- Your objective
The expected answer is every line from the material below that has the word "Kitchen".

- The input
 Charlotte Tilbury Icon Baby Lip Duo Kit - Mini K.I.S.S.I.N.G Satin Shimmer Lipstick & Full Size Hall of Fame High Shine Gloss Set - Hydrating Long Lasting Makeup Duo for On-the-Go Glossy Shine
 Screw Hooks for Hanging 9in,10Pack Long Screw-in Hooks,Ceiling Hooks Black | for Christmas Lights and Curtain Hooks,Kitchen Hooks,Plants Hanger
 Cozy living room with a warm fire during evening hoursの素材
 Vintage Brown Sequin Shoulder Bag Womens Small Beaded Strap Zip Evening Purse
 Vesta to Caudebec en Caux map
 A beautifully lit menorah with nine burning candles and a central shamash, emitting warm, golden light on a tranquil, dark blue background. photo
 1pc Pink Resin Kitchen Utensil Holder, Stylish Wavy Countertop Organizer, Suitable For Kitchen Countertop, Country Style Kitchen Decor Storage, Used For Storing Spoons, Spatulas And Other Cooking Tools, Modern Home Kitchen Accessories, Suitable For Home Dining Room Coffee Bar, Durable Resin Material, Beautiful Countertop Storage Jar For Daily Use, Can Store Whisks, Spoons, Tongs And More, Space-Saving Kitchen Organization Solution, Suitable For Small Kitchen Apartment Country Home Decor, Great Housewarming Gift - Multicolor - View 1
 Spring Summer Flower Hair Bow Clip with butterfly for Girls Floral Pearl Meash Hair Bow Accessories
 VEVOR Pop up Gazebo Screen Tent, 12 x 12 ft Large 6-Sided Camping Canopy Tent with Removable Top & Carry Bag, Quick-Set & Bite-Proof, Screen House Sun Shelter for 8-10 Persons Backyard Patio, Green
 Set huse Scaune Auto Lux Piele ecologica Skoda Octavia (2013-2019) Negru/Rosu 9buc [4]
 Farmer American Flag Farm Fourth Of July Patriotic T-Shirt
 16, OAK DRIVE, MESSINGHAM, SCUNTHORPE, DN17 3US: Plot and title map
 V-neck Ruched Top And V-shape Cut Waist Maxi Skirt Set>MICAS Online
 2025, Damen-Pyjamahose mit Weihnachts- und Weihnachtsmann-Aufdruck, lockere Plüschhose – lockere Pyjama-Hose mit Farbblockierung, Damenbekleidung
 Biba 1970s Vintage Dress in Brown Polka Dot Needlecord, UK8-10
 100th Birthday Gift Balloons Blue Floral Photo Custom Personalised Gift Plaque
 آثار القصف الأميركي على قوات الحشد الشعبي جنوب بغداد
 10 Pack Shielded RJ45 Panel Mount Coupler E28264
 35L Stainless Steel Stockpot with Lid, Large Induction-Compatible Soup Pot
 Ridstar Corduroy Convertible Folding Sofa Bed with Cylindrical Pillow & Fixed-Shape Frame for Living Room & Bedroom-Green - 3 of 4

- Answer below
 Screw Hooks for Hanging 9in,10Pack Long Screw-in Hooks,Ceiling Hooks Black | for Christmas Lights and Curtain Hooks,Kitchen Hooks,Plants Hanger
 1pc Pink Resin Kitchen Utensil Holder, Stylish Wavy Countertop Organizer, Suitable For Kitchen Countertop, Country Style Kitchen Decor Storage, Used For Storing Spoons, Spatulas And Other Cooking Tools, Modern Home Kitchen Accessories, Suitable For Home Dining Room Coffee Bar, Durable Resin Material, Beautiful Countertop Storage Jar For Daily Use, Can Store Whisks, Spoons, Tongs And More, Space-Saving Kitchen Organization Solution, Suitable For Small Kitchen Apartment Country Home Decor, Great Housewarming Gift - Multicolor - View 1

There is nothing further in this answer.